Adequate Lobster: Pretty good.
Stateful Armadillo: I think this may work. So if this works I guess we can return input_str. Maybe this works.
Adequate Lobster: Not exactly.
Stateful Armadillo: Thing does not support item assignment. Okay so I guess the simple thing would be to turn this into an array then turn it back to a string at the end. If I recall correctly you can just cast a string to a list.
Adequate Lobster: Could you do it inside the shuffle() function? Otherwise it will not met the goal.
Stateful Armadillo: I see. Could I do it inside the shuffle() function. You want me to do it by reference or are you okay with me allocating a new object?
Adequate Lobster: I'm okay with allocating a new object as part of shuffle(), otherwise the second part of the problem is going to be kind of tough.
Stateful Armadillo: Okay no problem. So I'll just rename this to input_arr. And then I would just recast this to a string here.
Adequate Lobster: Yeah I don't think the recasting works, but there's probably some way to do it.
Stateful Armadillo: Well that didn't work, but it also didn't shuffle.
Adequate Lobster: Well it might have.
Stateful Armadillo: Might have, I'll just print the array also. I guess it just randomly shuffled back to the same thing, which is probably not great for a shuffle but I guess it happens. So let's try a super long word. I guess that appears to be reasonably shuffled. And it has the same length…so I guess if I was writing….so if I were to test thing I'd probably check if the shuffled string and input string lengths match. If I were being very thorough I might write a test a unit test that would confirm that all the letters are present in the shuffled string as well.
Adequate Lobster: I mean we can just do something like this to see it a little bit easier. Although it still needs to return a string, not an array.
Stateful Armadillo: Yeah and then I realized why casting doesn't work. It should just be a join() on empty if I recall. I think this should work. There you go.

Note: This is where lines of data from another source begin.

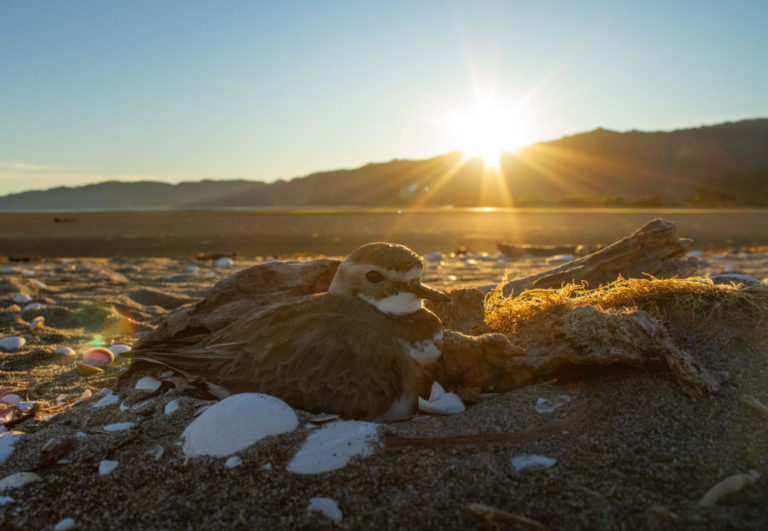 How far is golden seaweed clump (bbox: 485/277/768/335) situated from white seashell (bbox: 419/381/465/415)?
3.22 ft

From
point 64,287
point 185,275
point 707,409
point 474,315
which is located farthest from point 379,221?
point 707,409

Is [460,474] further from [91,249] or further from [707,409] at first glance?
[91,249]

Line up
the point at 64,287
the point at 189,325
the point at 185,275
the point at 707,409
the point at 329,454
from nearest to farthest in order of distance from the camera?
the point at 329,454 < the point at 707,409 < the point at 189,325 < the point at 64,287 < the point at 185,275

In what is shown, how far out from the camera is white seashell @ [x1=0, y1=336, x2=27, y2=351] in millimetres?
5727

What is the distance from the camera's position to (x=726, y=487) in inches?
90.7

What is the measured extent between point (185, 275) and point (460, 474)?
9160 mm

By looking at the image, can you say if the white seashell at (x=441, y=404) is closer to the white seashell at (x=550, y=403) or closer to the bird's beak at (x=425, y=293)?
the white seashell at (x=550, y=403)

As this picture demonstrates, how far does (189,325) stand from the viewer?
4.33 m

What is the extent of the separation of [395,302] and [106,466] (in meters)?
1.89

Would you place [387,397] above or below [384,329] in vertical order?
below

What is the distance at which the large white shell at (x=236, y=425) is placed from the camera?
107 inches

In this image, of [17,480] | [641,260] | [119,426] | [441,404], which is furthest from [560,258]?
[17,480]

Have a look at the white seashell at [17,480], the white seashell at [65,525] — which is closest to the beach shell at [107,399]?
the white seashell at [17,480]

Adequate Lobster: Okay. I would argue that is a shuffle. I can't say for sure that it's a good one, although it looks good to me which gets us to the second part of the question. Before we move on do you have any questions or do you have any feedback or should we jump right into the second part of the question?
Stateful Armadillo: I just wanted to mention that the methodology for how I would test the method if I were running some automated tests for it but that's the only thing that I would mention at this point.
Adequate Lobster: Yeah I feel like that's above the scope of this part of the question, because it happens to be the second part of the question. So it's not so much automated tests. I want you to put yourself in the mind of something like a TA and I want you to write a function that tests the shuffle but the goal of the test is to test if it's shuffling truly. So some bugs might be that it returns an invalid return, which you should definitely test for, but I wouldn't worry too much about because the second part is to make sure it's actually shuffling the string. Like it is truly random shuffling. So I don't expect you to return true or false, I don't think that would be good enough for me to be able to tell if what you're doing works. I think it would make more sense for it to print out a bunch of things and then for you to tell me: if I print this and this and this, I should be able to eyeball and tell me if it's working.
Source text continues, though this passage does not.